Pontificia Universidad Católica de Chile Pontificia Universidad Católica de Chile
Mendoza M., Parra D., Soto A. (2020)

GENE: Graph generation conditioned on named entities for polarity and controversy detection in social media

Revista : Information Processing & Management
Páginas : 102366
Tipo de publicación : ISI Ir a publicación


Many of the interactions between users on social networks are controversial, specially in polarized environments. In effect, rather than producing a space for deliberation, these environments foster the emergence of users that disqualify the position of others. On news sites, comments on the news are characterized by such interactions. This is detrimental to the construction of a deliberative and democratic climate, stressing the need for automatic tools that can provide an early detection of polarization and controversy. We introduce GENE (graph generation conditioned on named entities), a representation of user networks conditioned on the named entities (personalities, brands, organizations) which users comment upon. GENE models the leaning that each user has concerning entities mentioned in the news. GENE graphs is able to segment the user network according to their polarity. Using the segmented network, we study the performance of two controversy indices, the existing Random Walks Controversy (RWC) and another one we introduce, Relative Closeness Controversy (RCC). These indices measure the interaction between the network’s poles providing a metric to quantify the emergence of controversy. To evaluate the performance of GENE, we model the network of users of a popular news site in Chile, collecting data in an observation window of more than three years.
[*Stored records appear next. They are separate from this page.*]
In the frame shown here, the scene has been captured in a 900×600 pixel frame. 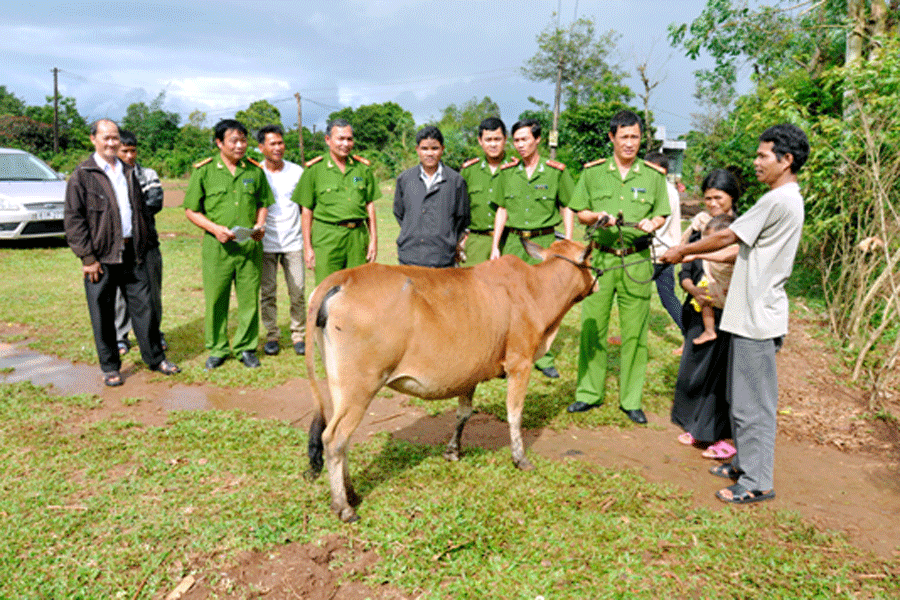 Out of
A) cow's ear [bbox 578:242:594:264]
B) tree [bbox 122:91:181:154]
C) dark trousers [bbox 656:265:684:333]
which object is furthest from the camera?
tree [bbox 122:91:181:154]

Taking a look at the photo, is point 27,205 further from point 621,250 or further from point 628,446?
point 628,446

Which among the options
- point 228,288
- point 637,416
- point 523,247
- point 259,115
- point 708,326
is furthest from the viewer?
point 259,115

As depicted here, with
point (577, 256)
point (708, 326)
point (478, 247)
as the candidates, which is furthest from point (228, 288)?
point (708, 326)

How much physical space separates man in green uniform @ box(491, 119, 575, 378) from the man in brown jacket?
12.2ft

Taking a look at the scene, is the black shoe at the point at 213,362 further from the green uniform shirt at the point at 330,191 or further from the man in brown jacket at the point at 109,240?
the green uniform shirt at the point at 330,191

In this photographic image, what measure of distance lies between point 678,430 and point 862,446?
1.48m

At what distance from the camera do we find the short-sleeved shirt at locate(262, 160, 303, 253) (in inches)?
281

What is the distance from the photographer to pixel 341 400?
371 cm

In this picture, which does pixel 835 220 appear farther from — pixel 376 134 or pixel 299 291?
pixel 376 134

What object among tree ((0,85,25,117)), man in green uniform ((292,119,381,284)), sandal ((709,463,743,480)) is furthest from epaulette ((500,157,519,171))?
tree ((0,85,25,117))

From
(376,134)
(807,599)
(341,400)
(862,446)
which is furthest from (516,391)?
(376,134)

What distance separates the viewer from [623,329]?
17.9 ft

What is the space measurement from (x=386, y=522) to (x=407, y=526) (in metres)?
0.14

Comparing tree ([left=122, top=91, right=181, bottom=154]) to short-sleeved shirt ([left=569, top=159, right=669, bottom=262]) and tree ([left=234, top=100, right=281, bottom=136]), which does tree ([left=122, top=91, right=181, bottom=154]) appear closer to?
tree ([left=234, top=100, right=281, bottom=136]) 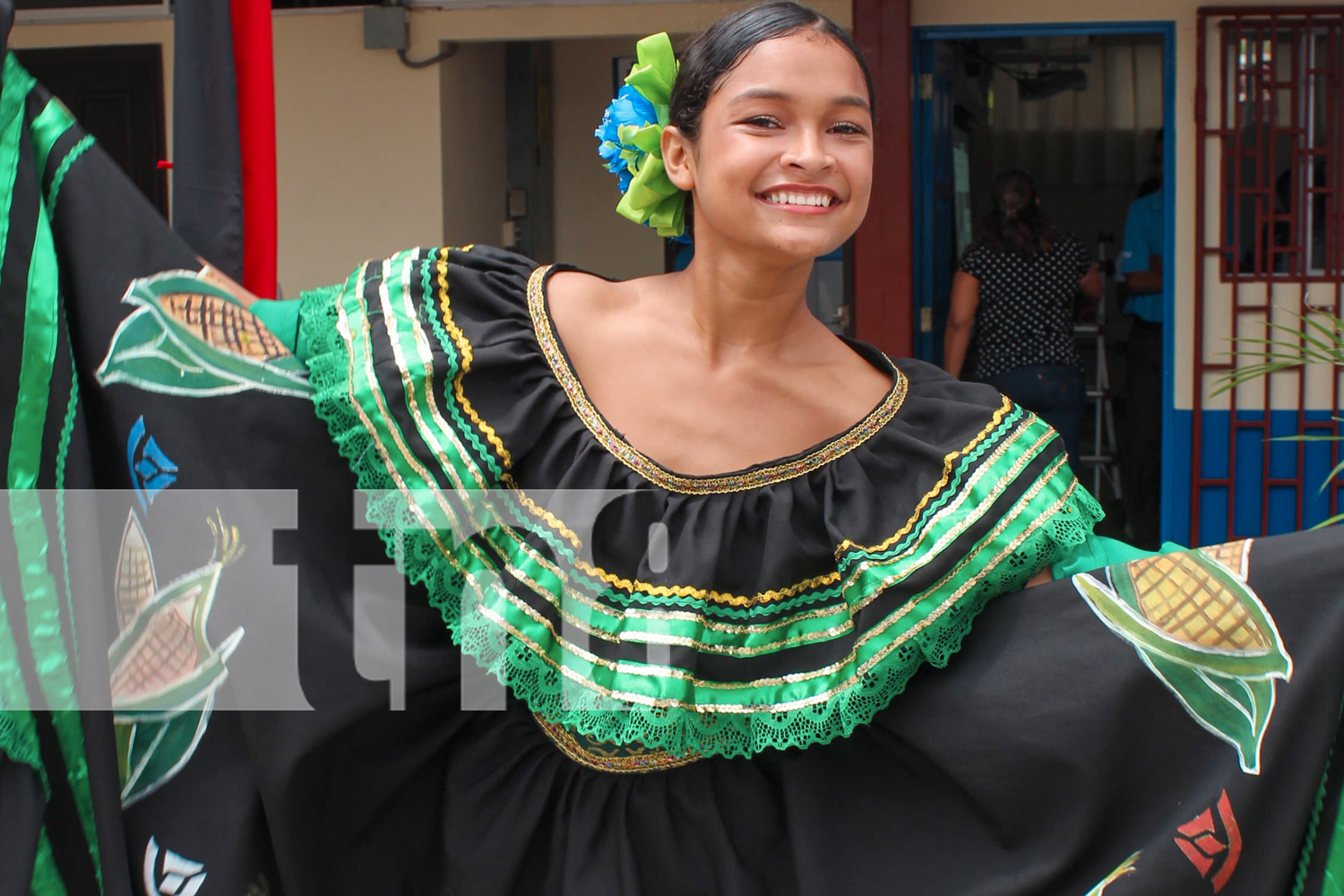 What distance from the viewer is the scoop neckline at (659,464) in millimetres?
1599

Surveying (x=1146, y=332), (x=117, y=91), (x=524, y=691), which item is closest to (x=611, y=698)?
(x=524, y=691)

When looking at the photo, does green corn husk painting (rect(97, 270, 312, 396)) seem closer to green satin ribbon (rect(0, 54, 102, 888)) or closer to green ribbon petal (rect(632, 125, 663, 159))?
A: green satin ribbon (rect(0, 54, 102, 888))

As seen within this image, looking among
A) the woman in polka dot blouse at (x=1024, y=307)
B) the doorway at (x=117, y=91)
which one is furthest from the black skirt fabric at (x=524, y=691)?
the doorway at (x=117, y=91)

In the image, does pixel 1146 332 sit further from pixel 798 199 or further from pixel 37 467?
pixel 37 467

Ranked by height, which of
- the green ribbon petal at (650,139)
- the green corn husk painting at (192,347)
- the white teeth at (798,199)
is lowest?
the green corn husk painting at (192,347)

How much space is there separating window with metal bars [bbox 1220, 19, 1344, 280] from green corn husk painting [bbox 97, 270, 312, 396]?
146 inches

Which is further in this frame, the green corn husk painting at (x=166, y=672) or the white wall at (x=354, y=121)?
the white wall at (x=354, y=121)

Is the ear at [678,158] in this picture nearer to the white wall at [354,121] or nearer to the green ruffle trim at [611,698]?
the green ruffle trim at [611,698]

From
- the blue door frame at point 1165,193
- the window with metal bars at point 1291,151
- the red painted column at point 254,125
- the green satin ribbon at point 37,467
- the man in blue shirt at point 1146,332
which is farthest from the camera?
the man in blue shirt at point 1146,332

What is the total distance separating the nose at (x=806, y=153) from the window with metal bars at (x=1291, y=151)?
10.9 feet

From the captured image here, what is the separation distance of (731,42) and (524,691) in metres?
0.81

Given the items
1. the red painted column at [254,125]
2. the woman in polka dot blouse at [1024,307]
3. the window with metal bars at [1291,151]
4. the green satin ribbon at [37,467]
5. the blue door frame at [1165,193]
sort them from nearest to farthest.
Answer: the green satin ribbon at [37,467] → the red painted column at [254,125] → the window with metal bars at [1291,151] → the blue door frame at [1165,193] → the woman in polka dot blouse at [1024,307]

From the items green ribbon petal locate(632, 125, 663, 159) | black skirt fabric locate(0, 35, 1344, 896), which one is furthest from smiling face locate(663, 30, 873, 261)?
black skirt fabric locate(0, 35, 1344, 896)

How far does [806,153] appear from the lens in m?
1.54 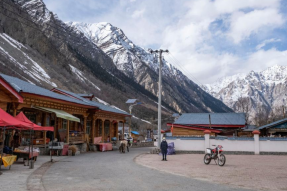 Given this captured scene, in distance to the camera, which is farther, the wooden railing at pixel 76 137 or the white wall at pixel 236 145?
the wooden railing at pixel 76 137

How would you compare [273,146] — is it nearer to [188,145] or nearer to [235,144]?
[235,144]

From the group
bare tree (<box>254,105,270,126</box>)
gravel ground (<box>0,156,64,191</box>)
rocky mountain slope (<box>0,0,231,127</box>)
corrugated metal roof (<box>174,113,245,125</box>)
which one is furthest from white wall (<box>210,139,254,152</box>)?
bare tree (<box>254,105,270,126</box>)

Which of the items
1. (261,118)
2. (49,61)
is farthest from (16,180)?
(49,61)

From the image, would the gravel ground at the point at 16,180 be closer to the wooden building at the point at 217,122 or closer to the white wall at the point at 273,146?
the white wall at the point at 273,146

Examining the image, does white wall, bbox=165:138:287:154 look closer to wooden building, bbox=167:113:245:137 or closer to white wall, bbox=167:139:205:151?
white wall, bbox=167:139:205:151

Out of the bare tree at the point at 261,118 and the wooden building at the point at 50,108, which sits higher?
the bare tree at the point at 261,118

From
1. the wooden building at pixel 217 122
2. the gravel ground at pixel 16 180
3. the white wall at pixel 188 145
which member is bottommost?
the gravel ground at pixel 16 180

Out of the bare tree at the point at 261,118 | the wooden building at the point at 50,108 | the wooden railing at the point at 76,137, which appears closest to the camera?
the wooden building at the point at 50,108

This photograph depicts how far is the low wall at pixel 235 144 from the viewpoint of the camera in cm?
2450

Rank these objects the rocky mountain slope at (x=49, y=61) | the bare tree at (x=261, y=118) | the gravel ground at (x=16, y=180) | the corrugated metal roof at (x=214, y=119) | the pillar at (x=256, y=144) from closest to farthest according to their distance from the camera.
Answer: the gravel ground at (x=16, y=180) < the pillar at (x=256, y=144) < the corrugated metal roof at (x=214, y=119) < the bare tree at (x=261, y=118) < the rocky mountain slope at (x=49, y=61)

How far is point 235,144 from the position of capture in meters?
25.1

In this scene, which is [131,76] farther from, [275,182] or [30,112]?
[275,182]

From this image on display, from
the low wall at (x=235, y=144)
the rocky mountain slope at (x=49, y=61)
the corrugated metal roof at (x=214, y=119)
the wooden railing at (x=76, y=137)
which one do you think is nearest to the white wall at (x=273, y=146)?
the low wall at (x=235, y=144)

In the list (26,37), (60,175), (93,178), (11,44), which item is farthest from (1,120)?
(26,37) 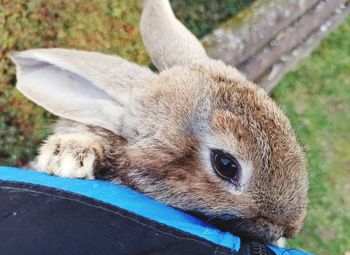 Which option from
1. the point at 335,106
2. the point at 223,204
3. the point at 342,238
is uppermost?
the point at 223,204

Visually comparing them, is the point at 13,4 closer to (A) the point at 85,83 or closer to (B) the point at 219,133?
(A) the point at 85,83

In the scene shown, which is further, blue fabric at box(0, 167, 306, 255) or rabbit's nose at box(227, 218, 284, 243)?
rabbit's nose at box(227, 218, 284, 243)

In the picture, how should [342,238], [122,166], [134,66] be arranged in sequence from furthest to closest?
[342,238]
[134,66]
[122,166]

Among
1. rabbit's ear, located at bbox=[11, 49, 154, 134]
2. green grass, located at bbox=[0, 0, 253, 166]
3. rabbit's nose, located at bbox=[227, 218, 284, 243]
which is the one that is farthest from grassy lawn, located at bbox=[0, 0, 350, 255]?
rabbit's nose, located at bbox=[227, 218, 284, 243]

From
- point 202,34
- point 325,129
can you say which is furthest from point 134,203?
point 325,129

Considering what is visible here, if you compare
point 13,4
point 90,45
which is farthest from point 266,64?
point 13,4

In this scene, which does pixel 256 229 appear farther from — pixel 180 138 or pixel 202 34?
pixel 202 34

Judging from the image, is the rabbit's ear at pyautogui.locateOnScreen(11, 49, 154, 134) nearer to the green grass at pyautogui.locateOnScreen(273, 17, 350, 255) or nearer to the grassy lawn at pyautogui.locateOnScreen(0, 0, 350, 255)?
the grassy lawn at pyautogui.locateOnScreen(0, 0, 350, 255) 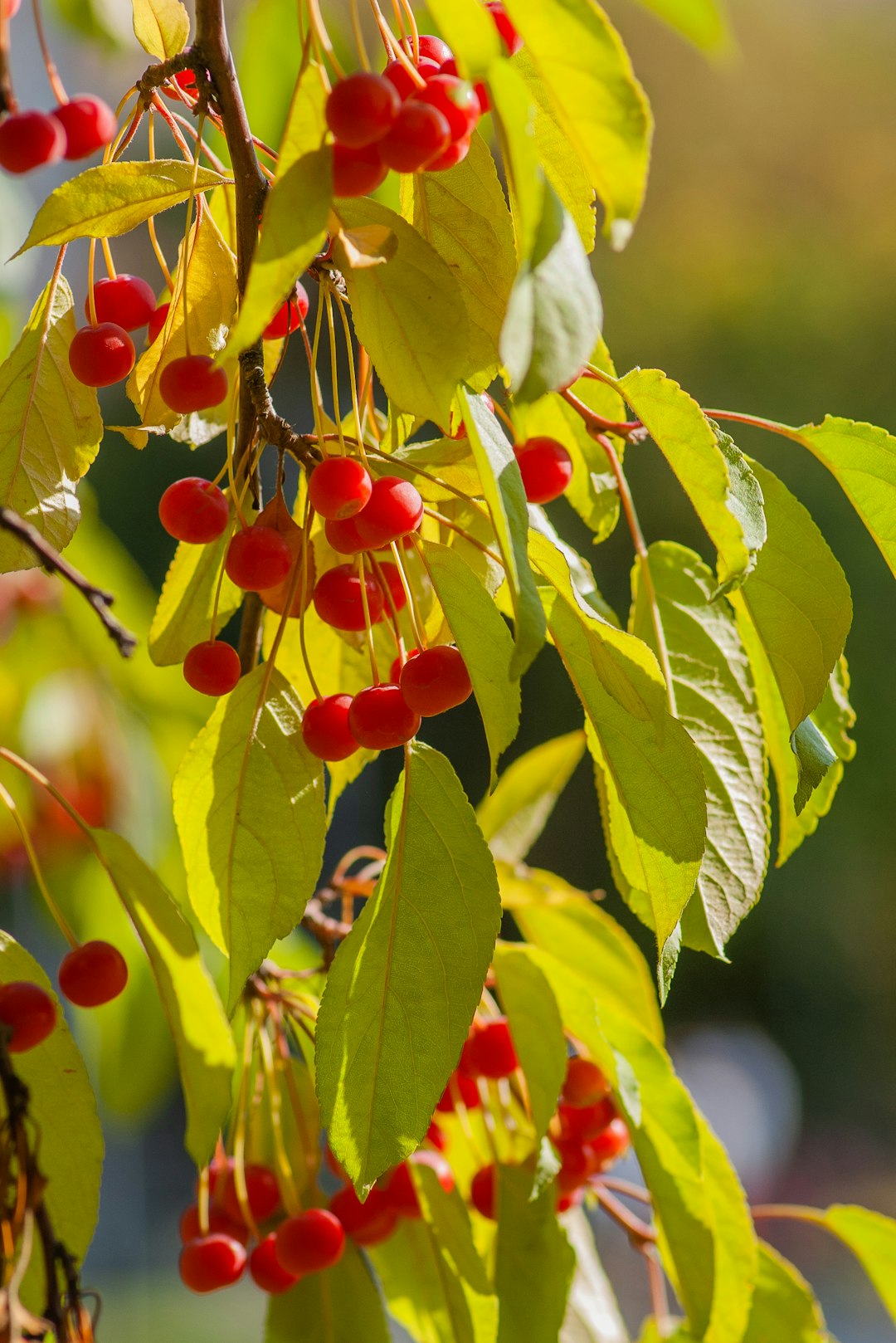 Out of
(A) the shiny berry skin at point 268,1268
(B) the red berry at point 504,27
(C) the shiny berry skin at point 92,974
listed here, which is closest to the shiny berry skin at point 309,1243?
(A) the shiny berry skin at point 268,1268

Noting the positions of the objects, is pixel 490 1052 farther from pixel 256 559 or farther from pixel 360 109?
pixel 360 109

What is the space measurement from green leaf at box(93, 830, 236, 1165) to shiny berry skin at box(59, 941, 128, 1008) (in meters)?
0.02

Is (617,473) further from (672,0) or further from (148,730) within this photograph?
(148,730)

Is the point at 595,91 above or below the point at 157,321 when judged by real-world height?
above

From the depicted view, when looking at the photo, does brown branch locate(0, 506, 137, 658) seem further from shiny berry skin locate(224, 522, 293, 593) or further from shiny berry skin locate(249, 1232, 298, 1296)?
shiny berry skin locate(249, 1232, 298, 1296)

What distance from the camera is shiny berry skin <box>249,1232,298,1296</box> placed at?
56 cm

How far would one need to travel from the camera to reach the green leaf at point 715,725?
477mm

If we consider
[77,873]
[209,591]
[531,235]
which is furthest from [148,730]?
[531,235]

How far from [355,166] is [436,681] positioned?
15 centimetres

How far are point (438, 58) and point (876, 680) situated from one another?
5.56 meters

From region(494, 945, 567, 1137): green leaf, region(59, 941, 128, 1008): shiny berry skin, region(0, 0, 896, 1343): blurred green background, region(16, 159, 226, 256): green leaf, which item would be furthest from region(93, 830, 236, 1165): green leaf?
region(0, 0, 896, 1343): blurred green background

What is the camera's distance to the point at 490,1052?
0.57m

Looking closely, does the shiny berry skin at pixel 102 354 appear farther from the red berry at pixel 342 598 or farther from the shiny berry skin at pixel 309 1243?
the shiny berry skin at pixel 309 1243

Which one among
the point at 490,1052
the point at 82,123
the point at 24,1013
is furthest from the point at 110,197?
the point at 490,1052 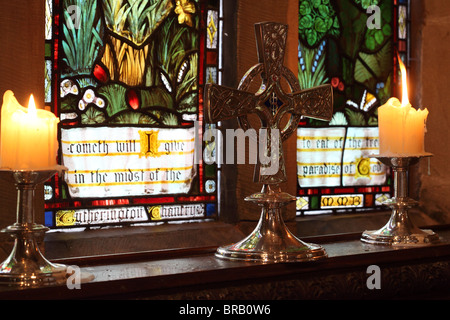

A large-scale evaluation using GENE, on thousands of news, allows us to conclude that over 60% of user comments have a predictable polarity. This predictability of the user interaction scenario allows both controversy indices to detect a controversy successfully. In particular, our introduced RCC index shows satisfactory performance in the early detection of controversies using partial information collected during the first hours of the news event, with a sensitivity to the target class exceeding 90%.